Background Jobs & Queues
Nexa runs every long-running step of a case (allocation, booking, notifications, payments, agent runs) on background workers. Customers do not operate queues or workers — Nexa runs them. This page describes how the platform behaves so integrators can reason about timing, retries, and failure modes from the API.
Pipeline at a glance
A single disruption case flows through five queues:
| Stage | Typical duration | Retries | Backoff |
|---|---|---|---|
| Allocation | 1–10 s | 3 | Exp 2 s |
| Booking | 1–30 s per group | 5 | Exp 5 s |
| Payment / token capture | < 1 s | 5 | Exp 3 s |
| Notification (email / SMS) | < 1 s | 5 | Exp 3 s |
| Exception agent | 5–30 s | 1 | none |
When you POST /cases, the response returns immediately with status: OPEN. The API enqueues an allocation job and returns. Subsequent stages happen asynchronously.
Subscribe to GET /events/stream for real-time progress, or poll the case for state transitions (OPEN → ALLOCATING → BOOKING → CONFIRMED).
Idempotency keys
Every background job carries an idempotency key so re-enqueues, retries, and replays are safe:
| Stage | Key |
|---|---|
| Allocation | (caseUrn, demandRequestUrn, waveSeq) |
| Booking | (caseUrn, waveUrn, groupId) |
| Payment | (caseUrn, reservationUrn) |
| Notification | (groupId, type, channel, reservationUrn) |
| Agent | (itemUrn, runSeq) |
If your DCS replays the same disruption event during a network blip, Nexa returns the existing case rather than creating a duplicate. See Idempotency for details.
Retries and dead letters
Retries use exponential backoff with the budgets in the table above. When retries exhaust, Nexa never silently drops the work:
- Writes an audit entry with the last error.
- Opens a manual-review item with the appropriate category.
- Transitions the case to
MANUAL_REVIEW(where applicable).
Operators see the failure in the console and resolve via Manual Review.
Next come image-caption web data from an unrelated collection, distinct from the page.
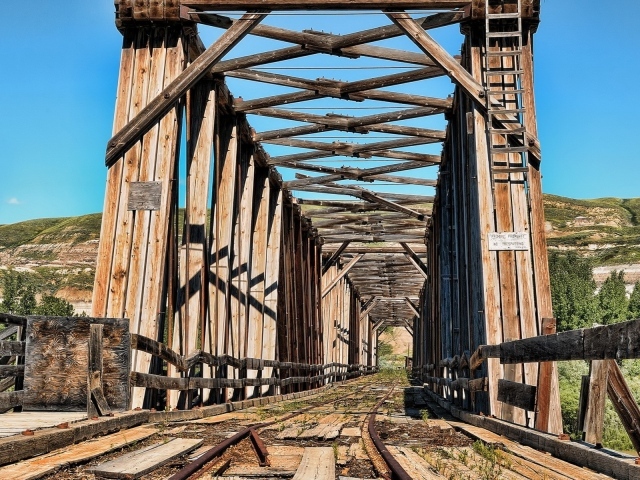 Деревянный железнодорожный мост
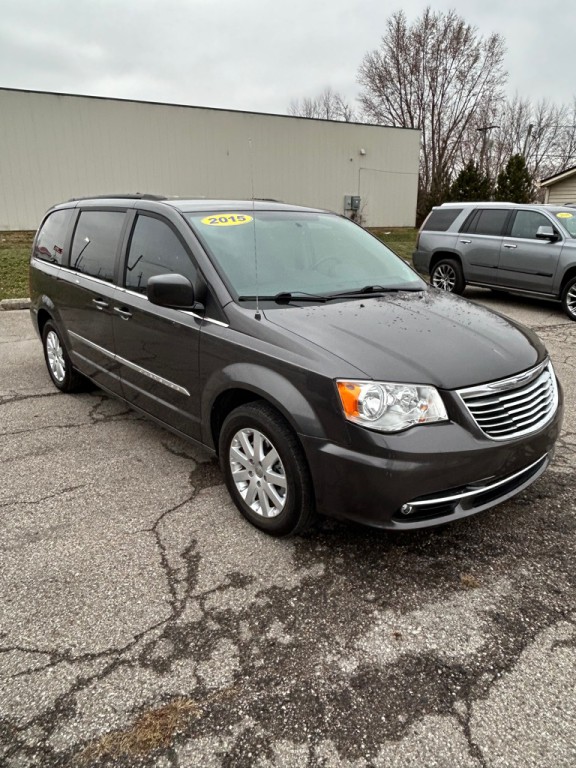 2015 Chrysler Town & Country Image 8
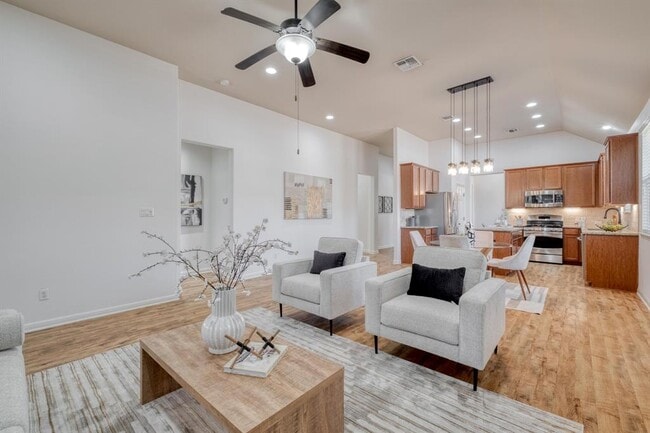 Foto del edificio - 2213 Lookout Range Dr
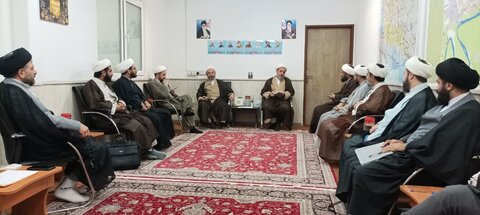 بازدید مشاور رئیس جمهور در امور روحانیت از مدیریت حوزه علمیه خوزستان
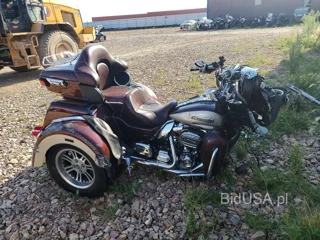 HARLEY-DAVIDSON FLHTCUTG TRI GLIDE ULTRA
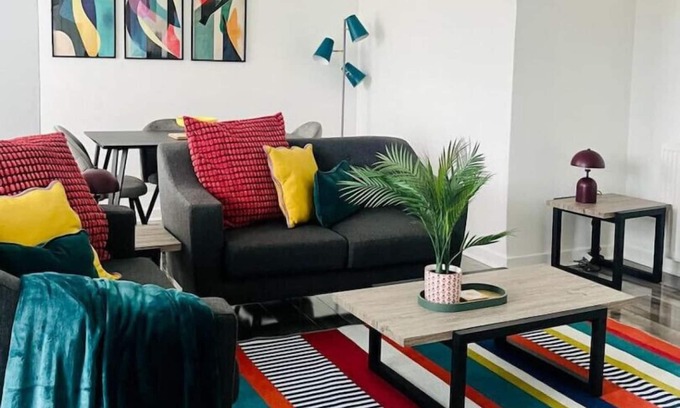 Cardonald Apartment | Clyde 52 -Modern 2 bedroom apartment next to Hillington Train Station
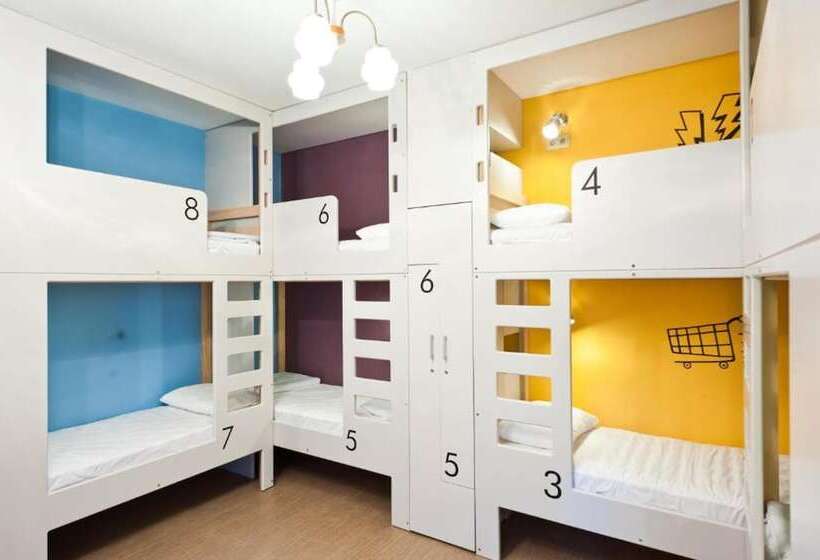 מיטה בחדר משותף, Hostel Friends Graffiti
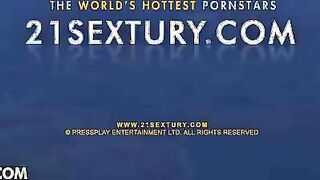 Nude Fight Club presents Candy Love vs. Destiny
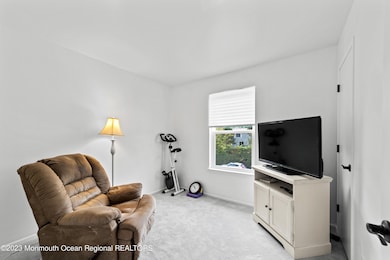 30 Peachtree Ln unit 313, Jamesburg, NJ 08831 - photo 4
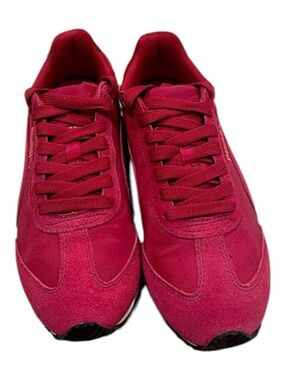 Puma HOT🔥 Pink Sneakers
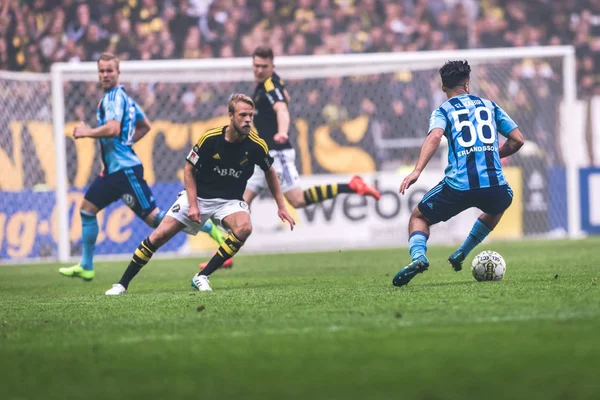 AIK ve DIF Allsve arasında Othman El Kabir (DIF) futbol derby — Stok fotoğraf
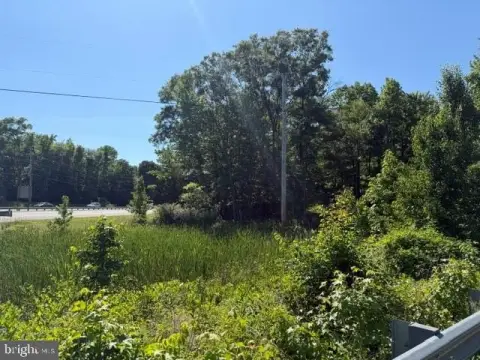 Land in Waldorf, MD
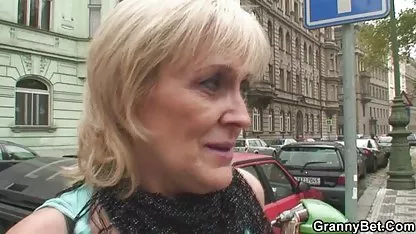 Macho caliente se folla a una chicas orientales xxx rubia con un collar alrededor de su cuello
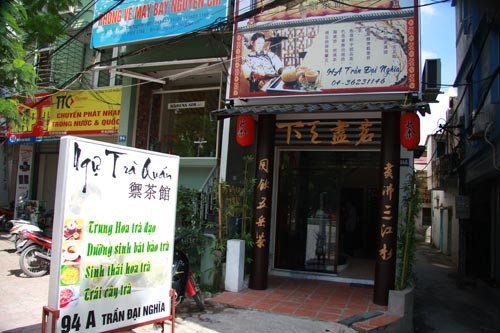 Bách thảo lệ nhân Ngự Trà Quán. Nằm trên đường Trần Đại Nghĩa, Ngự trà quán mang phong cách Trung Hoa từ nét cổ xưa của đất nước cho đến con người. Sự ấm cúng, hài hòa giữa thiên nhiên và con người được ưu tiên đặt lên hàng đầu. Những bàn tre nhỏ, gọn gàng cùng những chiếc nệm êm ấm tạo cho bạn một cảm giác vô cùng thoải mái, thoáng đãng và không bị gò bó. Ảnh: amthuc365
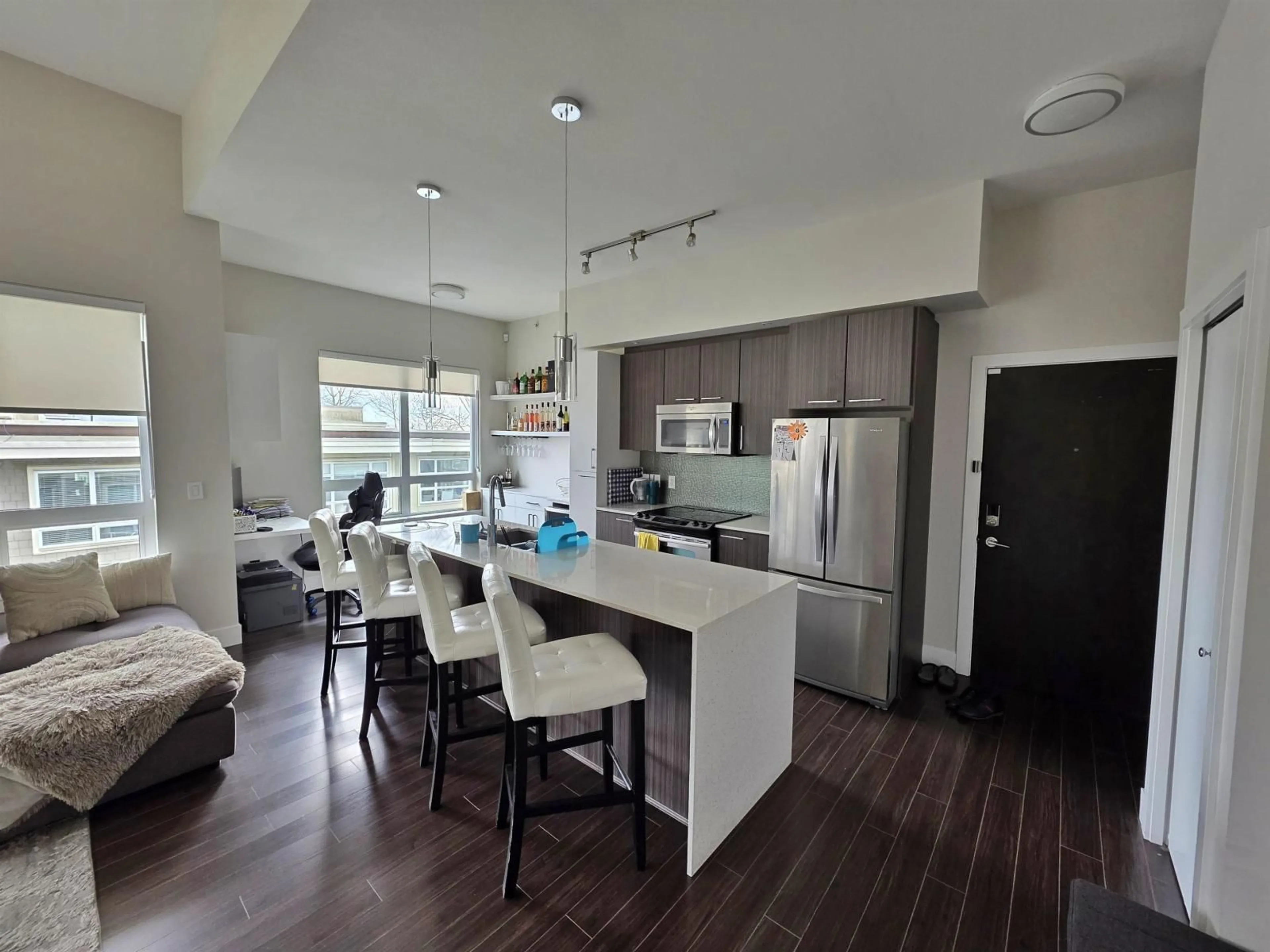 Open concept kitchen, unknown for C421 - 20211 66, Langley British Columbia V2Y0L4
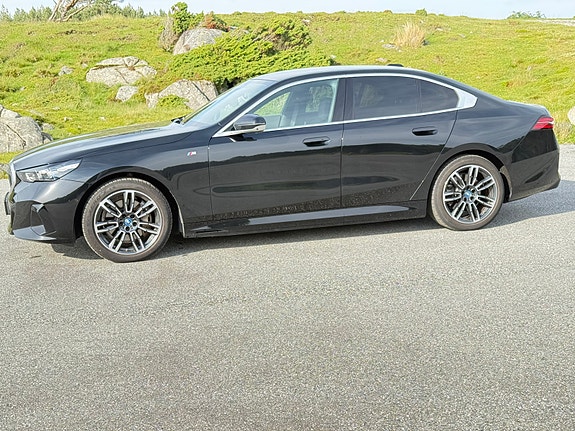 BMW i5 4 of 5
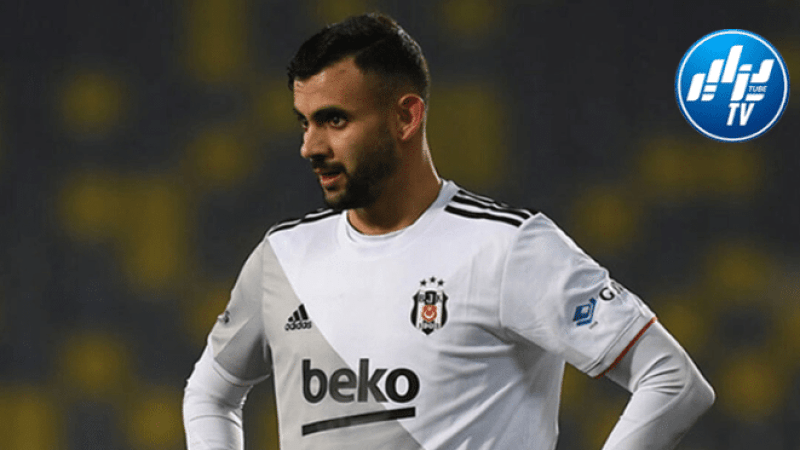 غزال :”محرز لا يأتي إلى المنتخب بصفته النجم، كما يحدث مع ماني وصلاح”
Concurrency limits you'll observe
The relevant limits as a consumer:
- Allocation: bounded by upstream provider rate limits (Amadeus + Hotelbeds). Effective ceiling ≈ 10 concurrent searches per tenant.
- Booking: bounded by provider rate limits and PSP cap. Effective ceiling ≈ 20 concurrent bookings per tenant.
- Notifications: bounded by your SendGrid plan. The dashboard shows the burn-rate vs. quota; lift the plan if you saturate.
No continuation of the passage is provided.